DimensionalDist2D no support for arbitrary dimension

DimensionalDist2D — Chapel Documentation 1.28 seems to only support 2D array. I am interested in the design of such domain map interface, and I am curious about the reason why the most general nD mechanism is not implemented. What's the difficulty in the implementation? If it could be implemented, will it be a series of mechanisms like DimensionalDist3D, DimensionalDist4D, DimensionalDist5D? Or actually, DimensionalDistND can be supported in Chapel? If not, what would be the major difficulty there?

Another question is DimensionalDist2D can accept BlockCycDim, BlockDim, and ReplicatedDim. Why is CyclicDim not supported?

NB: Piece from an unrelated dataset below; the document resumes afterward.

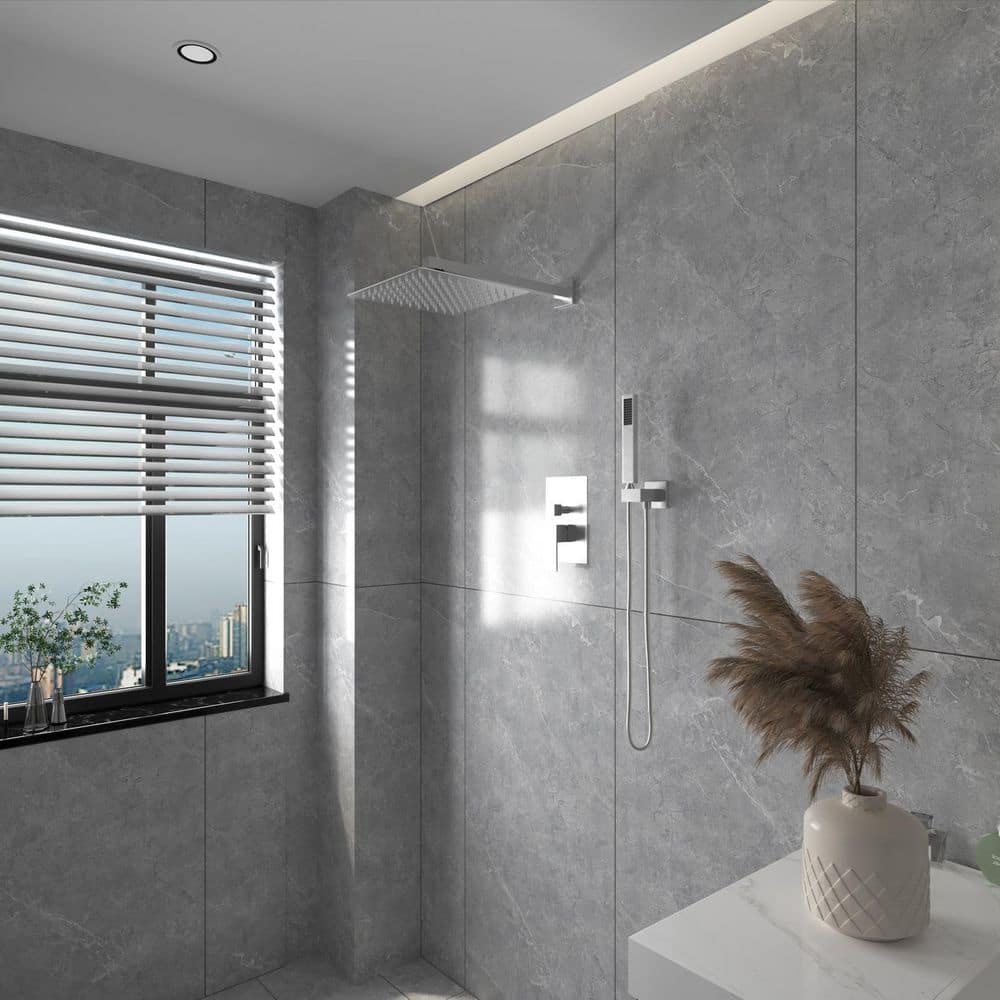 10 Inch Brushed Nickel Square Rain Shower Combo Set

Lastly, I am curious about the design philosophy of domain map's standard distributions. Is it true that these distributions are implemented incrementally (i.e., adding new distributions if there are situations where there exists cases are not supported by the current design)?

I am also curious about the internal implementation of domain map for arrays: when is the array materialized in the physical memory? Before applying the domain mapping (then one processor has to be able to materialize the whole array then distribute certain elements to other processors), or after the domain mapping has finished (i.e., materializing the arrays in physical memory after the each processor knows its own portion)? I assume it is the latter case.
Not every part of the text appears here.